Pierre Manent (1949 – ), Gespräch unter dem Titel „Wer hat Angst vorm Fortschritt?“ In: Philosophie Magazin Nr. 01/2015 (Dezember/Januar), S. 36f.


Ich bin sehr skeptisch hinsichtlich der Idee der Bildung neuer politischer Gemeinwesen als Ausweg für die Globalisierung. Zunächst, weil ich nicht glaube, dass man der Globalisierung entkommen kann. Dann, weil mir Politik nicht als ein Ausweg erscheint.

 

[…]

 

Wenn der Staat verschwindet, kommt möglicherweise der Kannibalismus wieder in Mode. Ich bin mir nicht sicher, aber möglich wäre es. Um den Kannibalismus zu verhüten, reicht allerdings ein minimaler Staat. Ich billige ihnen zu, dass nicht alle staatlichen Organe Unheil bringen, doch die Gefahr ist größer, wenn sie einen gigantischen Staat haben. Wenn sie in Frankreich den Staat von 55 Prozent des Bruttoinlandsproduktes auf 15 Prozent reduzieren würden wie in Singapur, wäre das bereits ein großer Fortschritt. Von 15 auf 0 Prozent zu gehen wie in Somalia, wäre ein Fehler. Es ist alleine eine Frage des Maßes!

 

[…]

 

Es kommt mir so vor, als gab es zumindest am Ursprung des Projekts der Moderne eine sehr klare Vision von der Zweckbestimmtheit des Fortschritts. […] Im Vergleich dazu würde unser derzeitiger Geisteszustand eher in den Bereich „epikureischen Hedonismus“ fallen: Wir glauben, dass alles untergehen wird, und wir wollen bloß essen, trinken und fröhlich sein vor dem Ende der Welt. 

 

Peter Thiel (1967 – ), Gespräch unter dem Titel „Wer hat Angst vorm Fortschritt?“, in: Philosophie Magazin Nr. 01/2015 (Dezember/Januar), S. 37ff.

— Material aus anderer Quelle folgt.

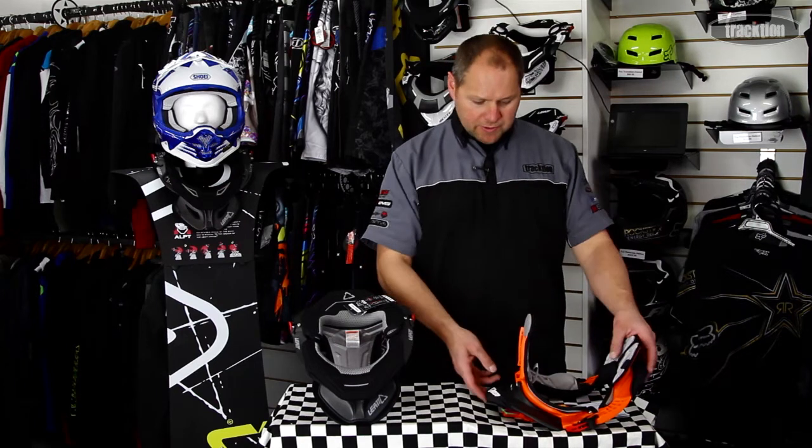Hello, welcome back to Traction TV. Continuing on with the 2013 Liat offerings, we will now look at the next level in the Liat range, which they've called the Liat Race.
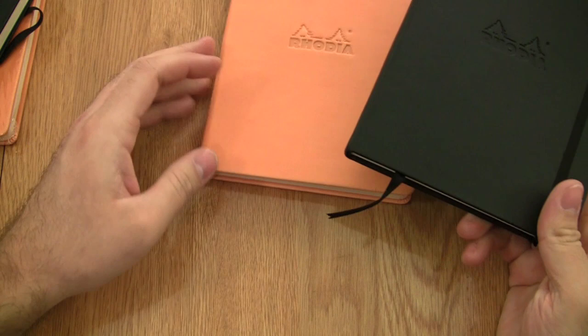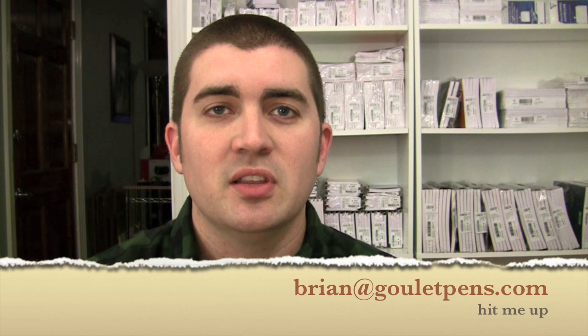I hope that gives you a better idea of what the Rhodia Web Notebook is like. It's overall a very nice, very popular notebook. I've done some comparisons in some of my other videos to both the Quo Vadis Habana and to the Moleskine ruled notebook, so I hope you check those out as well. If you have any questions, you can always email me at brian@gouletpens.com. Thanks again, and I will see you next time here on the Ink Nouveau.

P.S.: Falls sich jemand darüber wundert, hier keine Erwähnung des einjährigen Jubiläums [Impressum vom 15.10.14 & erster Beitrag am 16.10.14] zu finden, das überlasse ich der derzeit ungewiss verschollenen Metatext-Redaktion. Diese seltenen Feierlichkeiten sind üblicherweise ihre Plattform und der unglückliche Unfall war sicher nicht ihre Schuld. Ja, richtig gehört, ein Unfall – die armen Teufel waren auf ihrem Betriebsausflug mit einem Kreuzfahrschiff unterwegs und havarierten während sie in Bermuda-Shorts und Hawaiihemd ihren Urlaub genossen. Von der Karibik, durch den Panamakanal, hinein in den Pazifik sollte die Reise gehen; sie endete tatsächlich bereits vorher. Bevor ich das PS endgültig entehre, der langen Geschichte zu kurzes Ende: Die Rettung ist so gut wie gewiss, die Rückkehr ebenso, aber ungewiss.